If you’ve been following the discussion on introversion here (and there, and everywhere), you already know that introversion is not social anxiety. Social anxiety is fear of social interaction. Introversion is low motivation to seek it out. Social anxiety can be overcome. Introversion doesn’t need to be.
But of course, you can be a socially anxious introvert, and in this post we’ll talk about that, as well as the kind of social anxiety that bubbles up in all of us from time to time. We might suffer bouts of social anxiety around specific events or people or because we’re just feeling fragile at the moment.
I sometimes think introverts might be generally vulnerable to social anxiety because we often feel pressure—internally or from others—to behave counter to our nature. If we choose not to work the room, we are considered to have “failed” by some measures. Is it any wonder, then, that we sometimes anticipate social events—opportunities to fail—with anxiety?
Whether you suffer from chronic or fleeting bouts of social anxiety, psychologist Ellen Hendriksen’s thoughtful and engaging new book, How to Be Yourself: Quiet Your Inner Critic and Rise Above Social Anxiety, has tools and strategies to manage it. And yes, that means moving out of your safety zone and doing things that scare you—until they don’t. “You become less anxious by living your life,” Hendriksen says.
Genuine social anxiety develops when we start protecting ourselves from the moment-by-moment panics of social interaction through avoidance, which can be anything from turning down invitations to burying your face in your phone or lingering on the fringes at social gatherings.
However, the only way to transcend those moment-by-moment panics is by mindfully taking them on, over and over, until we learn that the world is generally safe. So yeah, it’s one of those “face your fear” things. Which is never very appealing. But to get you started, here are four concepts and strategies for understanding and managing social anxiety, chronic or fleeting.
1. Social anxiety is fear of “The Reveal.”
At the root of social anxiety is the fear of “the Reveal of some perceived fatal flaw,” says Hendriksen.
Often we worry about our appearance and the possibility that we will look as anxious as we feel. “You might worry that people will see you sweat through your shirt or turn red, or your voice will tremble.”
Or the fear may be deeper. “We also worry that we will be revealed as having deficient social skills. That we’re boring or have no personality or we don’t make any sense. We worry we might jump from topic to topic, spew word salad, not be funny or cool, and no one will want to hang out with us.”
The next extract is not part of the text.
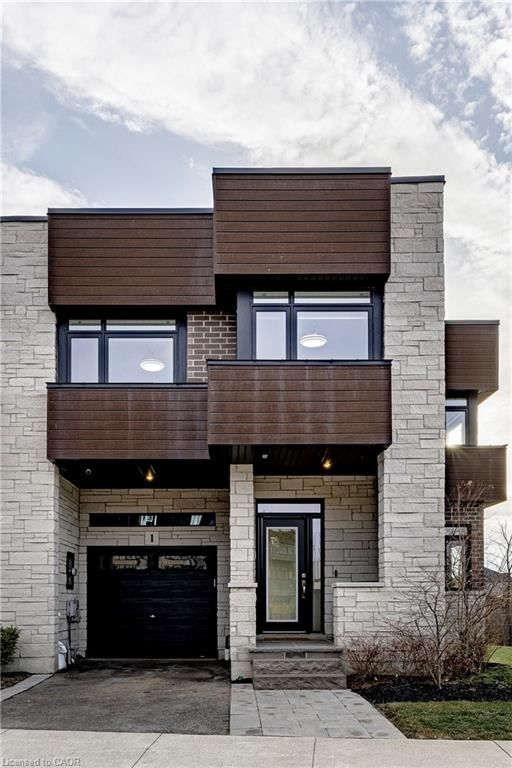 35 Midhurst Heights photo 4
Or, Hendriksen says, deeper yet, we might fear “our whole personality is somehow deficient.”
Managing your social anxiety requires first figuring out what you consider your fatal flaw, what you fear will be revealed. I’d wager that the flaw you fear exposing is not a fraction as bad as you imagine it is, and that it’s surely not fatal.
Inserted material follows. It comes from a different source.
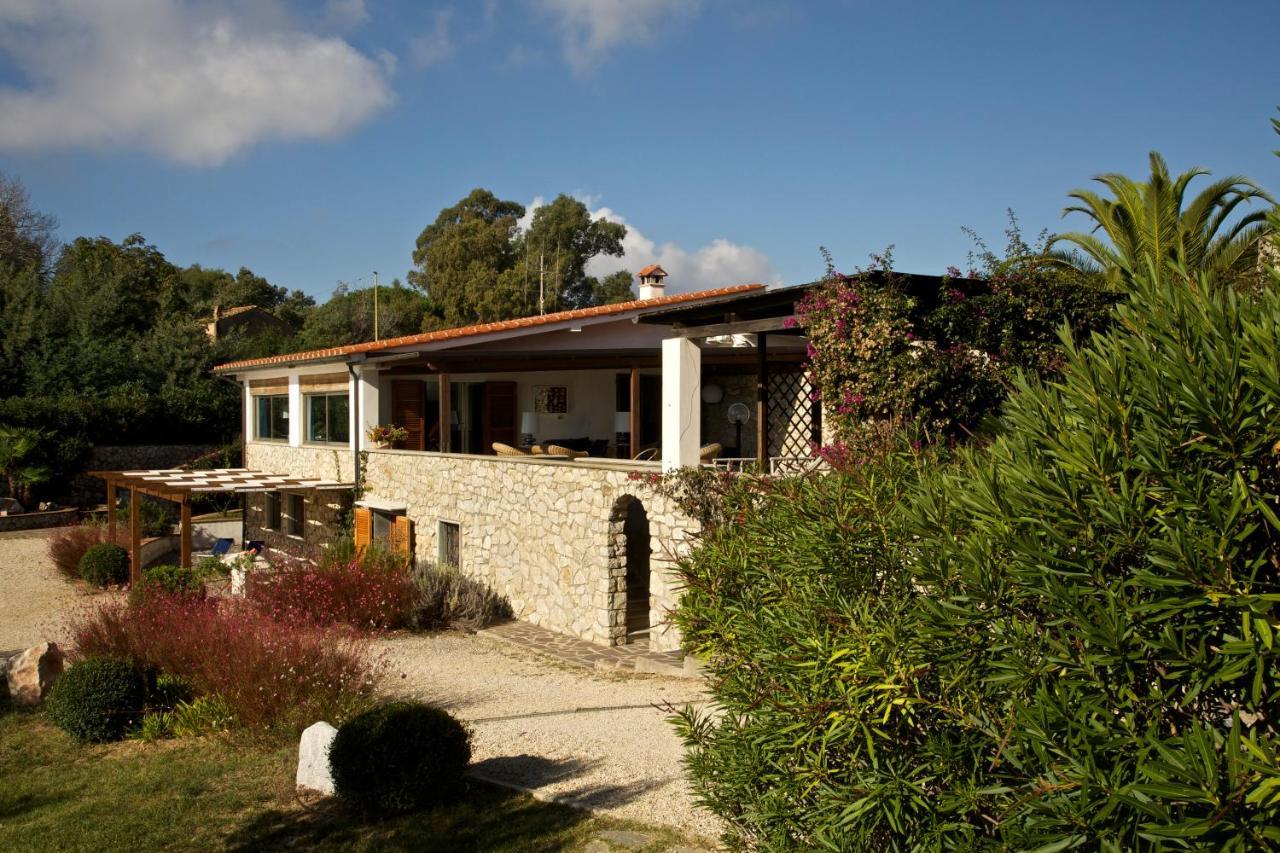 Residence Les Oliviers Porto Azzurro Exterior photo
2. Social anxiety tells you two big lies.
“Social anxiety makes us think the worst-case scenario is definitely going to happen,” says Hendriksen. But that’s a lie. The reality is that worst-case scenarios don’t happen often, and that the world is generally benign.
To refute this lie, first imagine that worst-case scenario. Specifically. In detail. “If you can drill down and try to figure out exactly what you’re afraid of, what’s going to be revealed, then it’s easier to argue with,” Hendriksen says. “It’s harder to argue with the foggy mirage of fear.” By envisioning the exact threat, you can assess how likely it really is.
And then, don’t believe lie number two: that if the worst-case happened, you wouldn’t be able to handle it. Because you would. Believe it or not, embarrassment is rarely, if ever, fatal. Have you ever seen someone spill a drink in a restaurant and as a result immediately burst into flames? In fact, you might find that even if you do have moments when you fumble and bumble, people will find it endearing rather than ridiculous.
The best way to push back on these lies is getting out in the world and practicing. “When we avoid, we don’t get to refute these two things. We don’t get the experience to know that most people are nice, bad things don’t usually happen, people are happy to be helpful. Not all the time, but most of the time. And yes, bad things might happen, but we can handle it. We’re capable of handling interactions with our fellow humans.”